This isn't complicated. If we're made in God's likeness, it stands to reason we're expected to rule over creation in the same way he rules over us - lovingly, responsibly, with our best interests at heart.
Another point that plays into this discussion was recently brought to my attention as I listened to a podcast from my old church in Lexington. From the Old Testament to the words of Jesus himself to the example set by the first century church, the Bible makes it crystal clear that we are to take care of the poor. Yet it's the poor who suffer the most when the environment is abused.

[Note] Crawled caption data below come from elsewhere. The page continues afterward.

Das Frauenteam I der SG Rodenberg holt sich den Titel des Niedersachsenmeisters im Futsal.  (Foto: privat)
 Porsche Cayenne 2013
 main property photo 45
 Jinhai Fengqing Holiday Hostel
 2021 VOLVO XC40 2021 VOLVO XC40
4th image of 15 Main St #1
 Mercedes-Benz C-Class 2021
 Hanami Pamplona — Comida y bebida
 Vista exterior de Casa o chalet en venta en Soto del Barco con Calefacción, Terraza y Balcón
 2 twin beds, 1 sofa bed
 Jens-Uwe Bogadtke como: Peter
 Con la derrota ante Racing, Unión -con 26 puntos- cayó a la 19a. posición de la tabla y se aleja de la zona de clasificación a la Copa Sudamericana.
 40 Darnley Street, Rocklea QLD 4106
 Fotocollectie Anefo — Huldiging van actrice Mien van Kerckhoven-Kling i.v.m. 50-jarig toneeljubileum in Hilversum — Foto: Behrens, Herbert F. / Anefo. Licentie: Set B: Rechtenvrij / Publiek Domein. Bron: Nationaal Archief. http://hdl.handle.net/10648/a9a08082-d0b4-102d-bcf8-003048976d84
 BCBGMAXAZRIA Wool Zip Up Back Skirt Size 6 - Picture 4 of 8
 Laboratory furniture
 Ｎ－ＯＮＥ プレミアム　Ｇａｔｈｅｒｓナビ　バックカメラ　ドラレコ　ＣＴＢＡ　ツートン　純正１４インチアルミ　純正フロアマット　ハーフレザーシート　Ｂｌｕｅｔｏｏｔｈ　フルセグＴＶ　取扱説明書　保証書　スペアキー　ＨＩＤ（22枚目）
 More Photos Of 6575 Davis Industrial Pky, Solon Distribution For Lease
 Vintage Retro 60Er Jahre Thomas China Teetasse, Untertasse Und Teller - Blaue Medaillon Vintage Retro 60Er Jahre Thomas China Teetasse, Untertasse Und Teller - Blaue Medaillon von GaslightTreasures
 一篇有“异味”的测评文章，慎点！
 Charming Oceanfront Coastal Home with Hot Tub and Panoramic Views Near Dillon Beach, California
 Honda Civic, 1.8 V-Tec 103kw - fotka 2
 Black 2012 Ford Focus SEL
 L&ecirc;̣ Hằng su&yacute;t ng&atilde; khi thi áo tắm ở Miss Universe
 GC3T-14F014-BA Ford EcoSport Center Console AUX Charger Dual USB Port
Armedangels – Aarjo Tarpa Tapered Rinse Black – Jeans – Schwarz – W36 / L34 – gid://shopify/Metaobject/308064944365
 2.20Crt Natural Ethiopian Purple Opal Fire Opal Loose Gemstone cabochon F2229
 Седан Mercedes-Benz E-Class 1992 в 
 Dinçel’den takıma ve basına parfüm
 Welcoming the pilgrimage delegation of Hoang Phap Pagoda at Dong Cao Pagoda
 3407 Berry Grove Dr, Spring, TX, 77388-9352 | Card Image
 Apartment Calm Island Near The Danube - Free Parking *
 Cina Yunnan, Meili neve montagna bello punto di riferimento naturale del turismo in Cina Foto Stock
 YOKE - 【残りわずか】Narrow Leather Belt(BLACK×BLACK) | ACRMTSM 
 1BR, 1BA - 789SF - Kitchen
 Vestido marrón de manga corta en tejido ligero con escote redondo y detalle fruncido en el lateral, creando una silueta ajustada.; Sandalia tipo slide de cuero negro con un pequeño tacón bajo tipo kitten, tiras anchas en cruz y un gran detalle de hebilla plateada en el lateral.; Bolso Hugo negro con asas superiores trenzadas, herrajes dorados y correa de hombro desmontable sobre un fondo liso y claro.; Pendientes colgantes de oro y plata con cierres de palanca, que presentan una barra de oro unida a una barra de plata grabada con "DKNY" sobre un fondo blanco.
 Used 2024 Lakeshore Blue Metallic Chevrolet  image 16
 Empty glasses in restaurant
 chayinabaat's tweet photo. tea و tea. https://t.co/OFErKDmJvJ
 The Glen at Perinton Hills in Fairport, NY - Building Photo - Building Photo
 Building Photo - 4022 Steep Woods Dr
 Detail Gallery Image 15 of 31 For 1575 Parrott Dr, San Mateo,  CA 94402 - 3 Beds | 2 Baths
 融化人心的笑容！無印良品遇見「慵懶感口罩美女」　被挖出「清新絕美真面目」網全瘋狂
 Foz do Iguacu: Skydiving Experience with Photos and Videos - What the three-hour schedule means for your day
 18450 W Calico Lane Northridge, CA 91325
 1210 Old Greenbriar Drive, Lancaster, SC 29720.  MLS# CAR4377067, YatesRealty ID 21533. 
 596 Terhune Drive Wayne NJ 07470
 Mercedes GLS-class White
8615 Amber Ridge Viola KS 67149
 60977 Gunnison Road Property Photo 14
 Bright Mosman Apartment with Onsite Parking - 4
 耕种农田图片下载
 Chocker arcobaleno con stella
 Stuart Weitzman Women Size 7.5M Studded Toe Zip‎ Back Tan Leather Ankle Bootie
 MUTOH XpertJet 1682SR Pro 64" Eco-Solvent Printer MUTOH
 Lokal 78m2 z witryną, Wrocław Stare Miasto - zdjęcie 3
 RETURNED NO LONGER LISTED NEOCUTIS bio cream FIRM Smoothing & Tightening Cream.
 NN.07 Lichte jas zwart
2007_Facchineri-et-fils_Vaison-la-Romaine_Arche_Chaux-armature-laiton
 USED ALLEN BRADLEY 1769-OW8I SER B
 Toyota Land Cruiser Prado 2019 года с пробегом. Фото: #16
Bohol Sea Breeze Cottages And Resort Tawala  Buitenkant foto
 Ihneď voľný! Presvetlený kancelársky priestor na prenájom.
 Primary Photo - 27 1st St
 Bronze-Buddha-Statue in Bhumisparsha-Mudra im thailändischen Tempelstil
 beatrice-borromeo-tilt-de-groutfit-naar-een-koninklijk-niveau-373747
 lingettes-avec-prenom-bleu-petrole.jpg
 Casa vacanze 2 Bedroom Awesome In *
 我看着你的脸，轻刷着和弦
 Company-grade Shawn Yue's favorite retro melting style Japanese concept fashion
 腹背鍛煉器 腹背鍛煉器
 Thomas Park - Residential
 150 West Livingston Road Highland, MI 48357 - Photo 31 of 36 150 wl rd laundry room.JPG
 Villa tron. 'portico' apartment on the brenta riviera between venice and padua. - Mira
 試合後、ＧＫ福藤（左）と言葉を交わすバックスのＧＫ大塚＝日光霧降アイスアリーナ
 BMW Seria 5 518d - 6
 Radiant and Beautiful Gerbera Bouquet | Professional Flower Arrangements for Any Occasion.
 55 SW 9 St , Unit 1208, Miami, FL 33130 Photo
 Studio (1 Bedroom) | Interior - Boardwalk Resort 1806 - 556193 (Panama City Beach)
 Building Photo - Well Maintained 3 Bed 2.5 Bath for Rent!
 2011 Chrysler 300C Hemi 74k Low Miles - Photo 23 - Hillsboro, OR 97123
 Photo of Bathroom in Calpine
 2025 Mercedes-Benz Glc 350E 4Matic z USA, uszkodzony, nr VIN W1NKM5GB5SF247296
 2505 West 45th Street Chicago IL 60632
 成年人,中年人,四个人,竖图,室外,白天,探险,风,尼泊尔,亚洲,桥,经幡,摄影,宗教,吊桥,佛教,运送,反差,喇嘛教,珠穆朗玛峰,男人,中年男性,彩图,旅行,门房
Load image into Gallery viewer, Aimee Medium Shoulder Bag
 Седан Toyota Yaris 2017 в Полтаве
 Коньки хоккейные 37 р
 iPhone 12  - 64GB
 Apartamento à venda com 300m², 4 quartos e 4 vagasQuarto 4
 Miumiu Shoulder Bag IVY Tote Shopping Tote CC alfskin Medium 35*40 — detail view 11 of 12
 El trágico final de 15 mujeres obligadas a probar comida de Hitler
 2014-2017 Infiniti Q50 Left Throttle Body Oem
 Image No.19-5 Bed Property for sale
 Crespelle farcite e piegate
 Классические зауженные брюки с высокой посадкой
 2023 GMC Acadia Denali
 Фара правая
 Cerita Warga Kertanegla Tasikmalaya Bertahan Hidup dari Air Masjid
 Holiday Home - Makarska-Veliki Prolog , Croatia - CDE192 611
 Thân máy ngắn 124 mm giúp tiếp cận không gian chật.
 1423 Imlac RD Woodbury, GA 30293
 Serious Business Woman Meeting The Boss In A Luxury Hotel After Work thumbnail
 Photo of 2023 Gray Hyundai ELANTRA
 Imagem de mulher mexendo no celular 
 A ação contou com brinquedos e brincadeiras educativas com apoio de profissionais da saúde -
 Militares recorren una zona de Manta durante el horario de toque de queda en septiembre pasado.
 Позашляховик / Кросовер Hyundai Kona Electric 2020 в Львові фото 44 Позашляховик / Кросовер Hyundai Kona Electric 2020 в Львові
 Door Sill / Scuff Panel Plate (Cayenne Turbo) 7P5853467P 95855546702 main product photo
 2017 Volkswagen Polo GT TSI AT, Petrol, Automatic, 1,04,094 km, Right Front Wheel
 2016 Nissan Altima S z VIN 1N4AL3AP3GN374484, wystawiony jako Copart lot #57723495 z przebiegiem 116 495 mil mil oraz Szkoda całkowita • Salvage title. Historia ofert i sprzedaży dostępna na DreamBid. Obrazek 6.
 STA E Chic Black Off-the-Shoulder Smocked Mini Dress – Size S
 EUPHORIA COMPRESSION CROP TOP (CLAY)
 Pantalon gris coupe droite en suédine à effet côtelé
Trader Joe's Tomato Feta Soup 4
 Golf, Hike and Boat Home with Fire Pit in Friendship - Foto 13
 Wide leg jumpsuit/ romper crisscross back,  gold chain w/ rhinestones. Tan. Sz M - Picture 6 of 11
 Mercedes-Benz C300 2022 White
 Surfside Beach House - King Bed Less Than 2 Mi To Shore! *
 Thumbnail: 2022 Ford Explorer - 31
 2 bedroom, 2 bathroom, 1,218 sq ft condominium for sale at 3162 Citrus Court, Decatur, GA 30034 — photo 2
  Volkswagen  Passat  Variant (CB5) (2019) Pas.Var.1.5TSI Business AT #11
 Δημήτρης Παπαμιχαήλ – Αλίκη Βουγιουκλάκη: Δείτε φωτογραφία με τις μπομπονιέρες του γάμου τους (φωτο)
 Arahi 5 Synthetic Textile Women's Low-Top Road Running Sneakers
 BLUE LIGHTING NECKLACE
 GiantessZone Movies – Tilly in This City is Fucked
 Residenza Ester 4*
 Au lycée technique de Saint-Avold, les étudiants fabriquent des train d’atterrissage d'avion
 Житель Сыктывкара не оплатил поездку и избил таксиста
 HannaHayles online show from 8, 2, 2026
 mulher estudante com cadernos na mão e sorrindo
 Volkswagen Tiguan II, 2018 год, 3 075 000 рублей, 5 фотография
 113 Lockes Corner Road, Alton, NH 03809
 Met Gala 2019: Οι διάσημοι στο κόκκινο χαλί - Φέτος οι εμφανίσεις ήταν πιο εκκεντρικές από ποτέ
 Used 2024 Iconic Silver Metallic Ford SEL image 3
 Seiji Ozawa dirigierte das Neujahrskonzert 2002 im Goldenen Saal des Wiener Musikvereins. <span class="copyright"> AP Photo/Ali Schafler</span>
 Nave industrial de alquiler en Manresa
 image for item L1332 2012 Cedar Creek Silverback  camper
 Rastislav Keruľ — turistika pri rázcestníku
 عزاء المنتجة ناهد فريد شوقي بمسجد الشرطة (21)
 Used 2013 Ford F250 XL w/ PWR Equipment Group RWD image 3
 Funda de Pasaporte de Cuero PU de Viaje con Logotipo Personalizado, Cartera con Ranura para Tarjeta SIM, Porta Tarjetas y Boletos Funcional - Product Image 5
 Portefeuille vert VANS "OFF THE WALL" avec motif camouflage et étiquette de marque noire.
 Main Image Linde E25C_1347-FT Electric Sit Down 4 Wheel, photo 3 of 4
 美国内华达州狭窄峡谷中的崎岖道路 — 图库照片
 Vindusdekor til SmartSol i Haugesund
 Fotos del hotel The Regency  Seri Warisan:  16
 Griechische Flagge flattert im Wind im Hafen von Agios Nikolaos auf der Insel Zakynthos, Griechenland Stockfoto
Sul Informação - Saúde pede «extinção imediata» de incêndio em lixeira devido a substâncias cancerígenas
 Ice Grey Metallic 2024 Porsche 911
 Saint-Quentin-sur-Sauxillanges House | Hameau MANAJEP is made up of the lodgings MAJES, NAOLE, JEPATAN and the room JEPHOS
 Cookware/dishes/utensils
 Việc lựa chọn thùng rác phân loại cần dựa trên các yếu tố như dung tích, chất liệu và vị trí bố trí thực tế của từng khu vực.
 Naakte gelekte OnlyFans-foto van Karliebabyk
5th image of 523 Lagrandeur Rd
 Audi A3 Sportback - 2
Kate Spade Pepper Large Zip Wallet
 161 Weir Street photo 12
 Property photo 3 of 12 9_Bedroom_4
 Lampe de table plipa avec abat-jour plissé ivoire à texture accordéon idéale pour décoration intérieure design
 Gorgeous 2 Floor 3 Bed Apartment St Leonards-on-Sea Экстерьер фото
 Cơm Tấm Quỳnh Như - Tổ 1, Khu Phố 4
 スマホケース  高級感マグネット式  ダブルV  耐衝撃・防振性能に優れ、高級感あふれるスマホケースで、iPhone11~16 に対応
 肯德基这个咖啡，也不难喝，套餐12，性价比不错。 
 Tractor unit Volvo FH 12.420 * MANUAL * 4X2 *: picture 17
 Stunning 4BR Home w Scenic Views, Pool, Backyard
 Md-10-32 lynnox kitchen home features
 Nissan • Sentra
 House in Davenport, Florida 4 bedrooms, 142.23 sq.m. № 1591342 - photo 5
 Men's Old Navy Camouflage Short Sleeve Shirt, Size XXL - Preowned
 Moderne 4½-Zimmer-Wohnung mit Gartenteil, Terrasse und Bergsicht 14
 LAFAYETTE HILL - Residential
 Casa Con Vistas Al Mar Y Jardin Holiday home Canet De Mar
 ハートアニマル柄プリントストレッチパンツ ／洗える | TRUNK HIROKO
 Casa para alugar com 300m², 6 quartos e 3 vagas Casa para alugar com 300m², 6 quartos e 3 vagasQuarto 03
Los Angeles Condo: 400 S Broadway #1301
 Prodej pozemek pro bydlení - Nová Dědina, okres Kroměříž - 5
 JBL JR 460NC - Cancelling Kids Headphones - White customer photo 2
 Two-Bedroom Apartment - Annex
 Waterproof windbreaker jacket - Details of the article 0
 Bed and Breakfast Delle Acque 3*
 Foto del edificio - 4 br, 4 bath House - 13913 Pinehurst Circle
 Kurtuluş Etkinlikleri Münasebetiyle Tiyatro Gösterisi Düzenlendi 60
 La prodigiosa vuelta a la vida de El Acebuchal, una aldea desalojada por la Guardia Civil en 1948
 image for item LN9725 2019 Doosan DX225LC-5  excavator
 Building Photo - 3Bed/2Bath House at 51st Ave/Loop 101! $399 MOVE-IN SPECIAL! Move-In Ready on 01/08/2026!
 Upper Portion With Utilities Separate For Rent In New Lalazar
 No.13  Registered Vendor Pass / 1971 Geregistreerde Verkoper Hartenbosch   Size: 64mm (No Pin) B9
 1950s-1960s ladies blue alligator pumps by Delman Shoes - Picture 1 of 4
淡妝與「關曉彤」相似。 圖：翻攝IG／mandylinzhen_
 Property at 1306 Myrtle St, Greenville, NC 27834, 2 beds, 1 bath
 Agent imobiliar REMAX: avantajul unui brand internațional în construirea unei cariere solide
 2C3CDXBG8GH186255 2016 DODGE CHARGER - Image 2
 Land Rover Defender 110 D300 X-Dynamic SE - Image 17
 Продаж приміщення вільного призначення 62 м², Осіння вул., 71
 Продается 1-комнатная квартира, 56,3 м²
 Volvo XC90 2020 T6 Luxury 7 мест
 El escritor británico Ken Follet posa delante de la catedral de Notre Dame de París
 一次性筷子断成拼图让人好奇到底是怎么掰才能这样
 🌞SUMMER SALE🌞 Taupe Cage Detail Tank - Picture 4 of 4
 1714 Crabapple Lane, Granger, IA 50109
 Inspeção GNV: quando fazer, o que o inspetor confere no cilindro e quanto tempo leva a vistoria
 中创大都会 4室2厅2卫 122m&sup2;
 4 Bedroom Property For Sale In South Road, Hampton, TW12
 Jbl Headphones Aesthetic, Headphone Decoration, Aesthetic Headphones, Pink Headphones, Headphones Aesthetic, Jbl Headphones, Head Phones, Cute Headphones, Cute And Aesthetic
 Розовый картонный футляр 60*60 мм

Here's what I mean: If drinking water is contaminated, those who live comfortably in the middle class (or better) can simply drive to the store and stock up on water or whatever. But what happens to those who can't afford anything better? They have to drink the water.
(This is a problem being addressed on the other side of the world by Blood:Water Mission, an organization dedicated to providing wells of clean drinking water, along with untainted blood, to combat the AIDS crisis in Africa.)
Therefore, even if you don't accept that God cares about how we treat the earth, it's obvious that mistreating the planet is in opposition to God's mandates about how Christians are to care for the poor.
Let's relate this truth more specifically to mountaintop removal. The process frequently results in damage to nearby houses, ruins water supplies and invites flooding. It's a safe guess that many of the homeowners who suffer from these problems can't afford to do much about it.
So it's not just the environment that suffers. It's real people - people whose souls Patton would like to see "saved."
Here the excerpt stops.